Why not use a human recording?
I like the Russian course so far, but one thing that disappoints me is their choice to use a TTS instead of a human voice.
The first problem with the TTS is that it doesn't always produce the correct sound. It pronounces things too literally or stresses the wrong syllable. This hurts because for many learners the TTS is the first thing they hear, so the TTS teaches users a wrong accent that later needs to be unlearned. This hurts for Russian in particular since this is a language that is already hard to pronounce for people whose native language is a West-European one. It even leads to confusing about the real pronuncation as can be observed in this discussion.
I don't think the costs of letting a human speak are much of a problem. The Ukrainian course managed to incorporate a very nice human voice in their course.

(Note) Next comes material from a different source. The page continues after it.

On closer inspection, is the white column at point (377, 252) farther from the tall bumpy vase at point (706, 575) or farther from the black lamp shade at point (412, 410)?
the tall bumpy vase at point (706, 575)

Also many of the Russian words have even already been recorded by course moderator Shady_arc on forvo.com and could have been incorporated in the course directly. It might even have saved some time, because seemingly it took about a month to even buy this TTS, enough time to do all the necessary voice recordings.
The thing that bothers me the most, is that a TTS seems to be the default. Seemingly, the only reason Esperanto, Irish and Ukrainian are using a human voice is because they couldn't find a half-decent TTS. In my opinion this should really be the other way around. Courses should have a human voice by default and only use a TTS as a fallback option.

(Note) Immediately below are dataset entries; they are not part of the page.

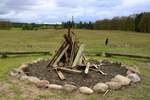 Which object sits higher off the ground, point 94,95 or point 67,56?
point 67,56

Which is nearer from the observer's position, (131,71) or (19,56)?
(131,71)

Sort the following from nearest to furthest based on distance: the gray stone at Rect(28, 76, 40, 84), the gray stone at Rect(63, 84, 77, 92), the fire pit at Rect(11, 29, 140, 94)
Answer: the gray stone at Rect(63, 84, 77, 92) < the fire pit at Rect(11, 29, 140, 94) < the gray stone at Rect(28, 76, 40, 84)

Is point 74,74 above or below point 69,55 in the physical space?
below

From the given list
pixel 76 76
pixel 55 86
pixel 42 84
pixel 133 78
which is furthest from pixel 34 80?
pixel 133 78

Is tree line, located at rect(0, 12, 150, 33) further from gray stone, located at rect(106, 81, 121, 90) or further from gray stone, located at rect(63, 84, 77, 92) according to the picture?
gray stone, located at rect(63, 84, 77, 92)

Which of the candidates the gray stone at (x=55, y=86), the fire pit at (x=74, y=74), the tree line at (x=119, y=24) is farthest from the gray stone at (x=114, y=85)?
the tree line at (x=119, y=24)

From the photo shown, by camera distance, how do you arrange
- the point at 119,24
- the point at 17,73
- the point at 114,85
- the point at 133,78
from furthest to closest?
1. the point at 119,24
2. the point at 17,73
3. the point at 133,78
4. the point at 114,85

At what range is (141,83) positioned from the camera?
998 cm

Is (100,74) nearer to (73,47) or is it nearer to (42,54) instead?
(73,47)

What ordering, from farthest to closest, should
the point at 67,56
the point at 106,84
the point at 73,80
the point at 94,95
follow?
1. the point at 67,56
2. the point at 73,80
3. the point at 106,84
4. the point at 94,95

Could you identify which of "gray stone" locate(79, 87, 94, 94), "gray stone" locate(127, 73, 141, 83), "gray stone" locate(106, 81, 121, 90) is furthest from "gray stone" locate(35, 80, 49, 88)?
"gray stone" locate(127, 73, 141, 83)

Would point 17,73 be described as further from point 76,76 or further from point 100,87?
point 100,87

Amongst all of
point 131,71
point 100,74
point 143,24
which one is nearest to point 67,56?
point 100,74

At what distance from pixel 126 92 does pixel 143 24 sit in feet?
137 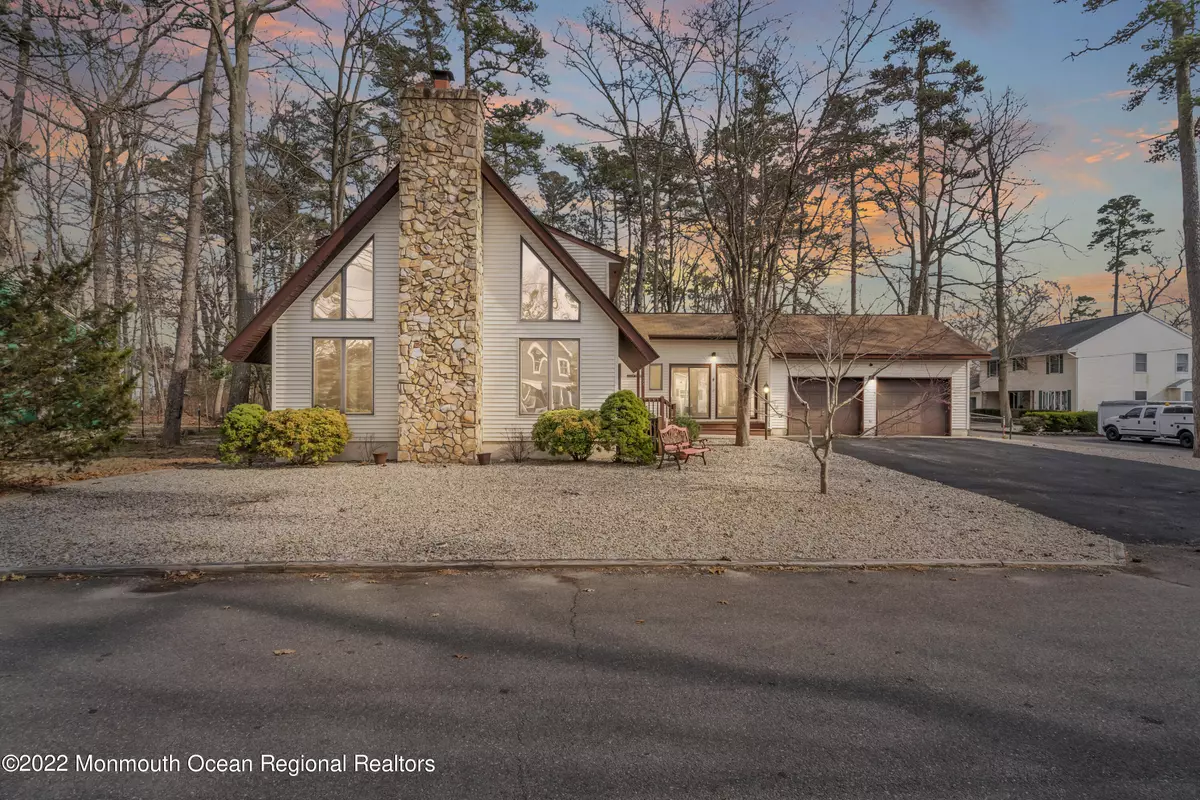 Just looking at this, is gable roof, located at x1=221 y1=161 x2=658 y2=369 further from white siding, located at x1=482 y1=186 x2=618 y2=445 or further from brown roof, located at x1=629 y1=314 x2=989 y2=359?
brown roof, located at x1=629 y1=314 x2=989 y2=359

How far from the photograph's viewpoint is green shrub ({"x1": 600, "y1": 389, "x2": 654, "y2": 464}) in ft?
42.7

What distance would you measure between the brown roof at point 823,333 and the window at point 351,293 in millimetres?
11351

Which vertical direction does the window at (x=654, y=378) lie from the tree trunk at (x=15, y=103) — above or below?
below

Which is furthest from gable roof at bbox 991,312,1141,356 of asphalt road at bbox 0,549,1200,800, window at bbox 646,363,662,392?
asphalt road at bbox 0,549,1200,800

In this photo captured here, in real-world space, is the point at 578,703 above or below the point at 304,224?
below

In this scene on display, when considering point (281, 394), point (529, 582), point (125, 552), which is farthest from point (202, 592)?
point (281, 394)

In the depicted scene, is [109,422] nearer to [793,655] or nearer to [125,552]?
[125,552]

Duolingo prefers not to use human voices wherever possible. Text-to-Speech solutions are better scalable and way cheaper. By the way, the Russian course has more than 60–70 hours of audio, including words and turtle-speed pronunciation. That would sure take quite some time recording. This is the reason the voiceover is quite limited in the courses that use real speakers.

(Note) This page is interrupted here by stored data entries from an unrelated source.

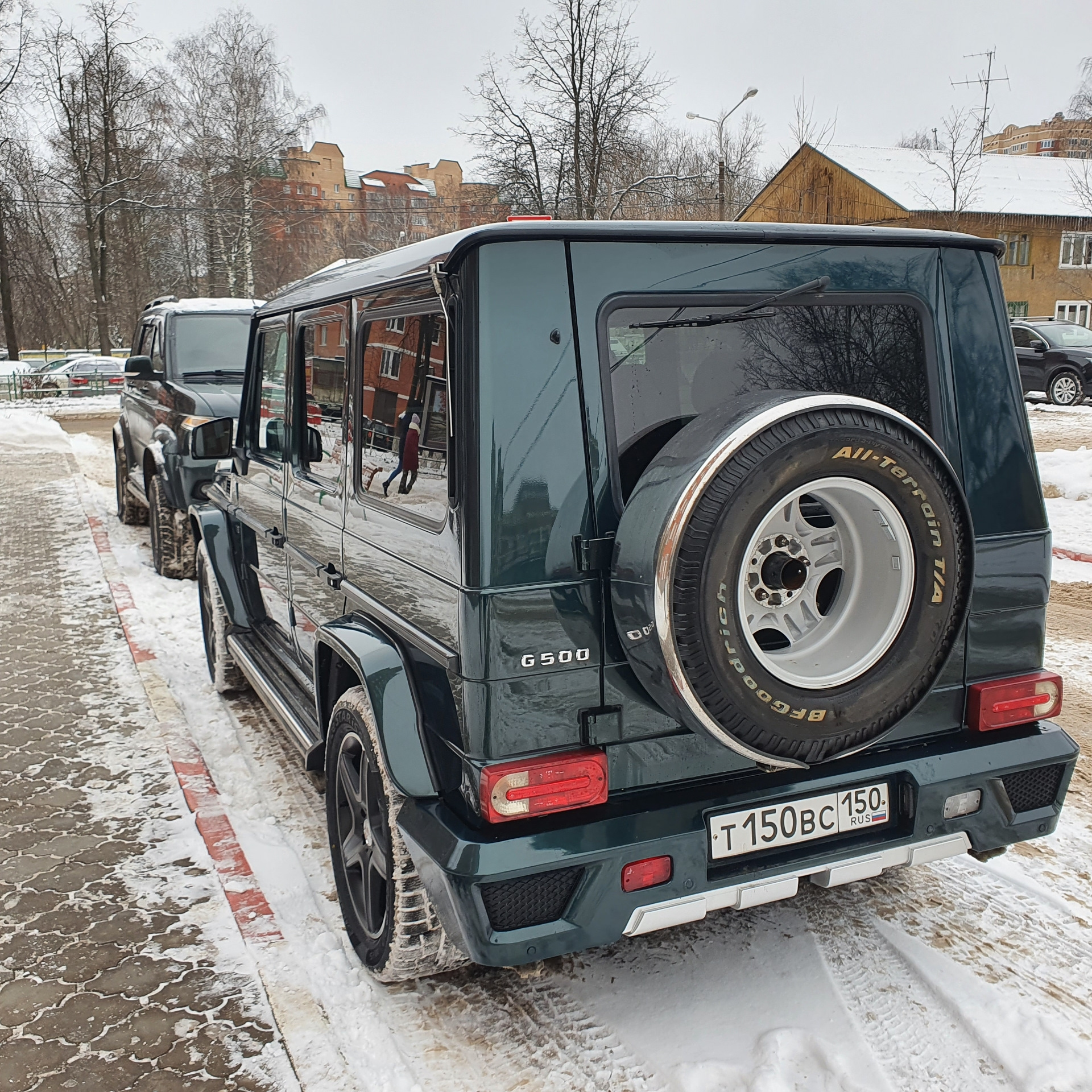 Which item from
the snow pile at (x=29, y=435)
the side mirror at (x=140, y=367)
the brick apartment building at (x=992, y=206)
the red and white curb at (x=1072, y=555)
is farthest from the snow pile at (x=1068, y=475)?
the brick apartment building at (x=992, y=206)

Thank you for your response. The tree that you and your team created is indeed quite huge.
For the costs, I think storage of 70 hours of audio is doable within 1GB, bandwidth costs would probably be about the same as with a TTS, so I imagine most of the costs to be in the actual recording of the audio.
I can imagine that it's painful to change sentences after the recordings have taken place. It would probably require some person to do new recordings once a week of newly and changed sentences which would have to be disabled in the meantime. I don't know how this is handled by other courses.
I think turtle speed can still be done with a human voice automatically by just playing it slower and normalising the pitch. Personally, I try to get rid of the turtle-speed pronunciation as soon as possible anyway, so even if done by hand it might only be needed for the first couple of lessons.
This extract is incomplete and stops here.